_Extracted material_:
▼
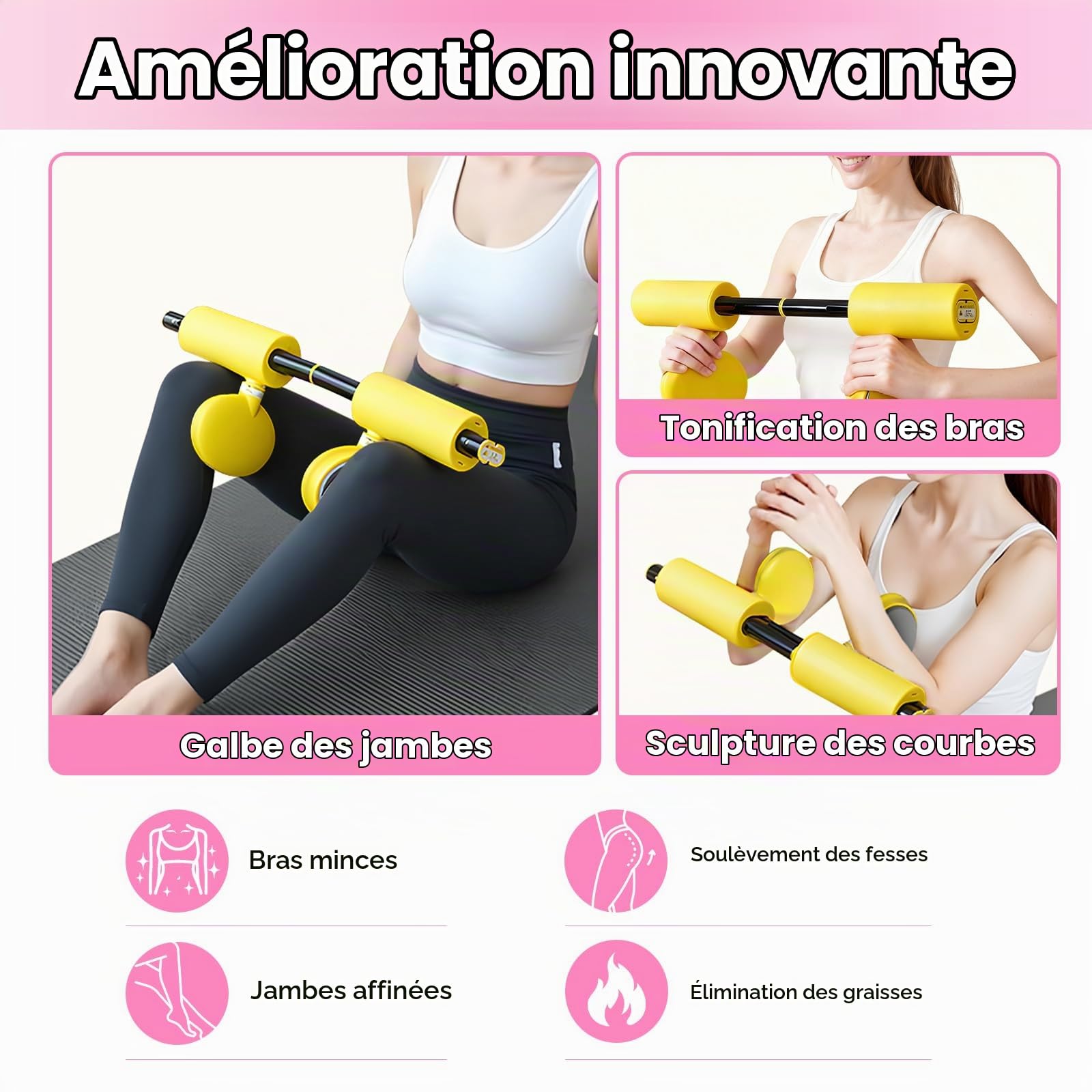 auvstar Entraîneur de Muscle Pelvien,Entraîneur de Cuisse et Appareil Musculation (25-30 LB) , Équipement de Fitness Adapté à Une Utilisation à Domicile, au Bureau et en Déplacement
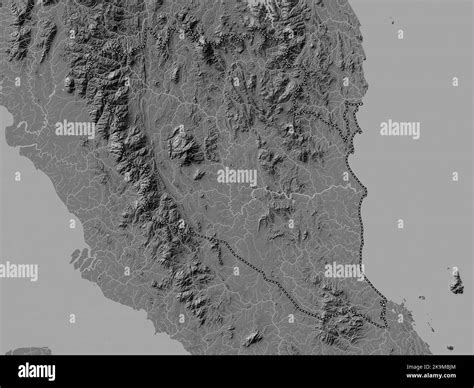 Pahang State Of Malaysia Bilevel Elevation Map With Lakes And Rivers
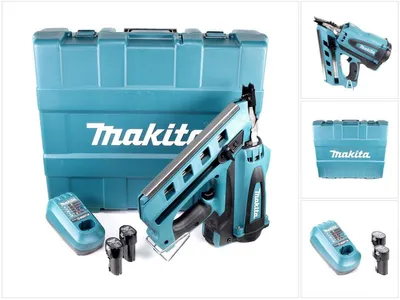 Image de Makita GN 900 SE Cloueur à gaz sans fil 7,2 V en coffret de transport avec 2x BL 7010 batterie 1,0 Ah et chargeur DC07SA
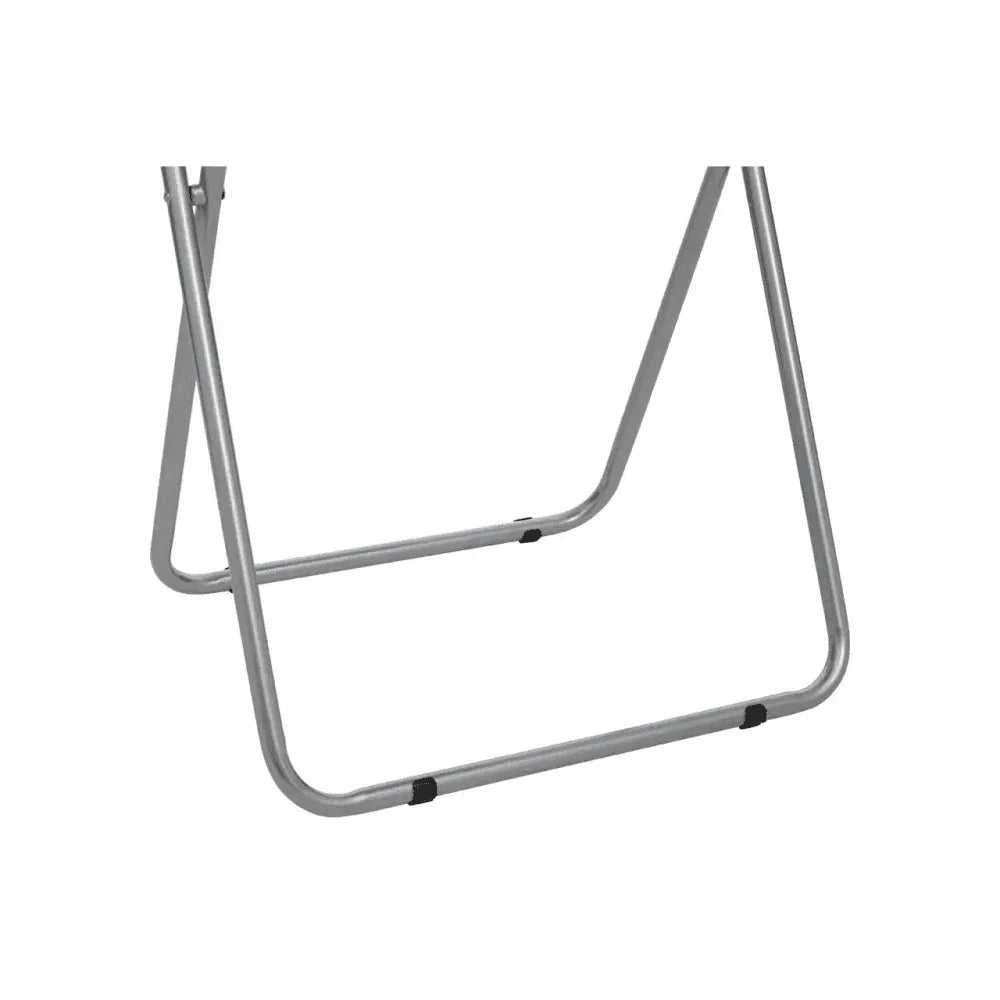 Silver metal folding chair frame with rubber feet close-up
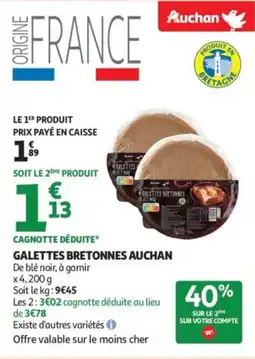 Auchan Supermarché AUCHAN Galettes bretonnes offre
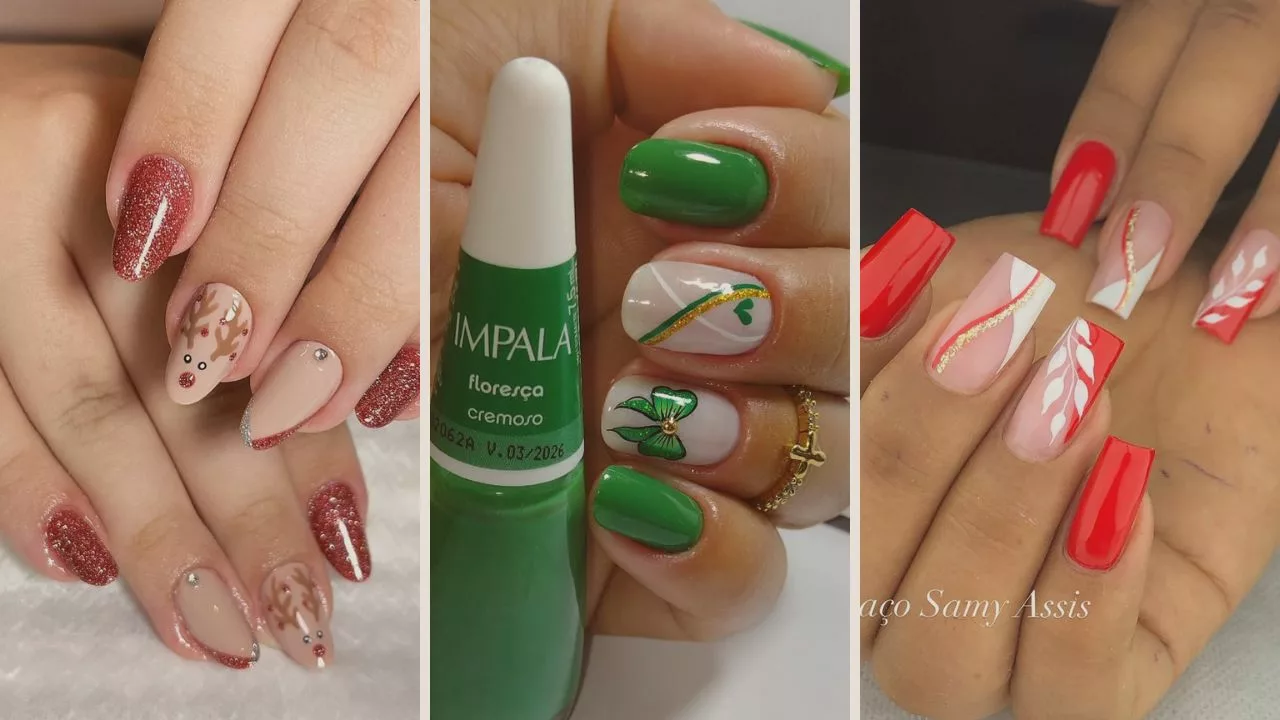 unhas decoradas para o natal ...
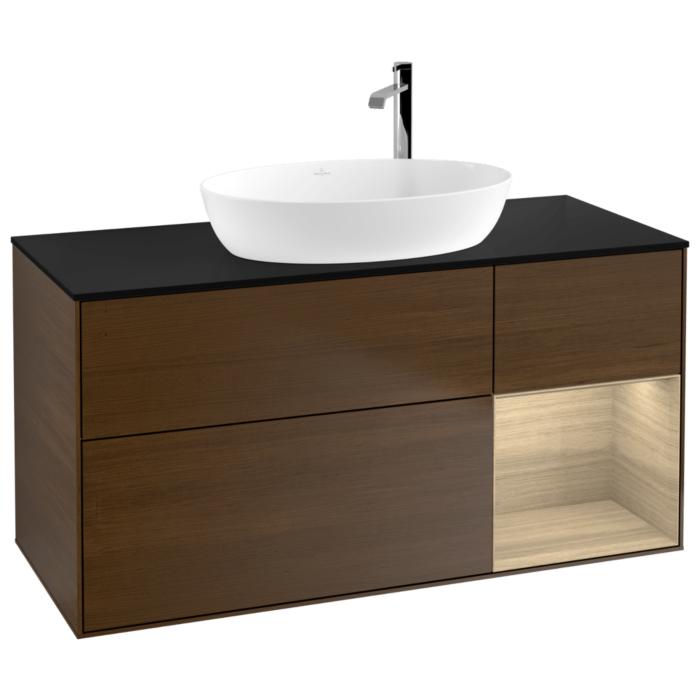 Villeroy Und Boch Finion Waschtischunterschrank G952PCGN 120Cm, Abdeckplatte Black Matt, Emotion, Regale Oak Veneer, Walnut Veneer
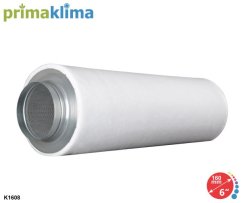 Bílý cylindrický karbonový filtr Prima Klima Industry 160mm s kovovou přírubu a černou perforovanou vložkou z aktivního uhlí pro čištění vzduchu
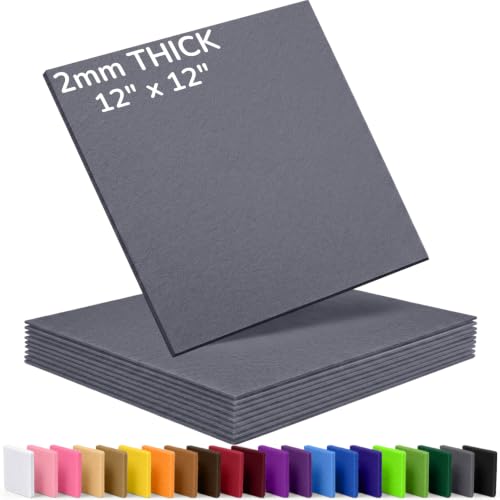 2mm Stiff Felt Sheets 12" X 12" (10 Pack, Charcoal Gray) - color: Charcoal Gray
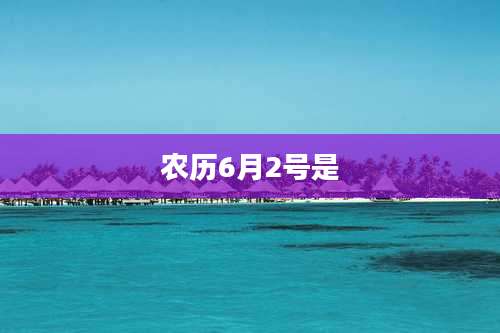 农历6月2号是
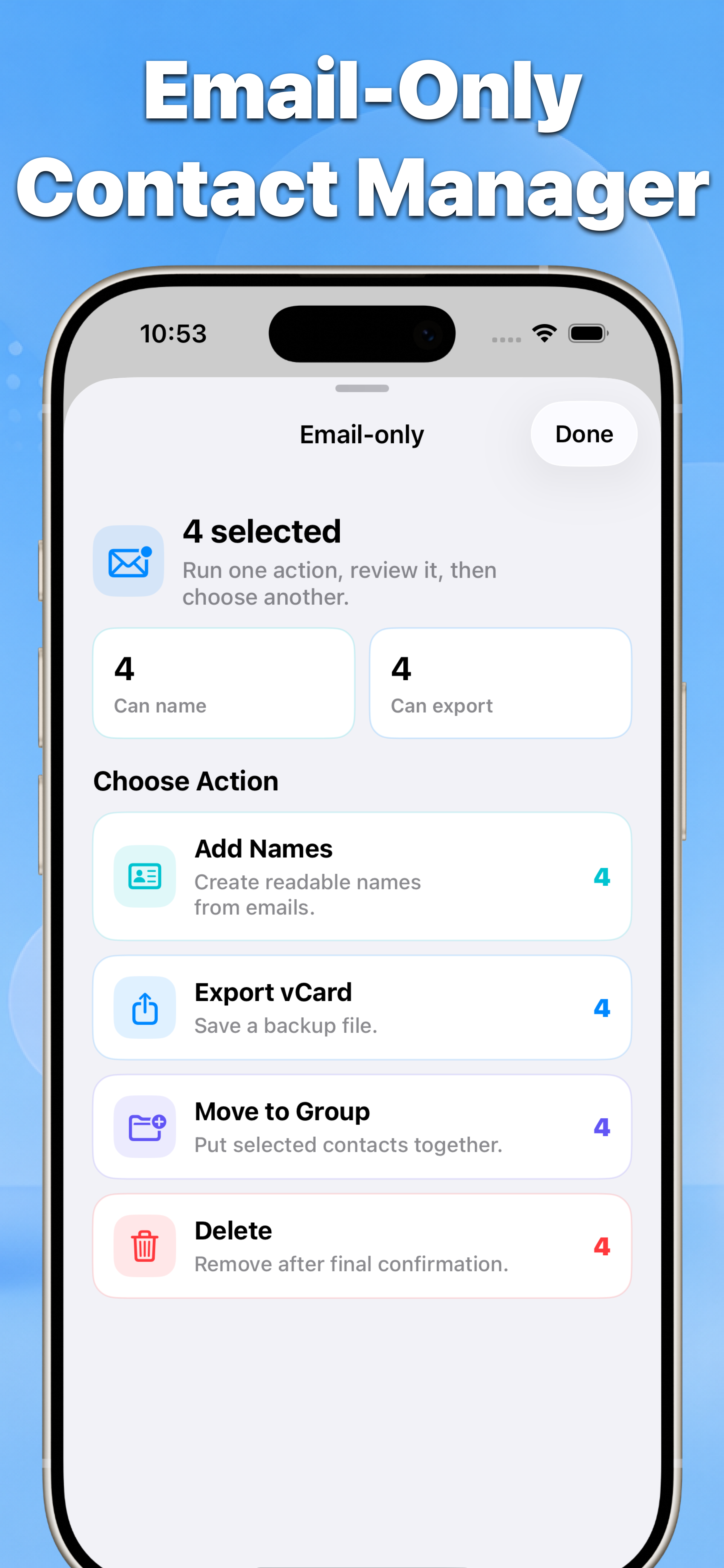 Contacts email-only contact manager with name, export, group, and delete actions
▲
_Your assignment_: Output only the lines from the line that contains "Villeroy Und Boch" through the end of the material, both ends included, and skip every picture.

_Output of the exercise_:
 Villeroy Und Boch Finion Waschtischunterschrank G952PCGN 120Cm, Abdeckplatte Black Matt, Emotion, Regale Oak Veneer, Walnut Veneer
 Bílý cylindrický karbonový filtr Prima Klima Industry 160mm s kovovou přírubu a černou perforovanou vložkou z aktivního uhlí pro čištění vzduchu
 2mm Stiff Felt Sheets 12" X 12" (10 Pack, Charcoal Gray) - color: Charcoal Gray
 农历6月2号是
 Contacts email-only contact manager with name, export, group, and delete actions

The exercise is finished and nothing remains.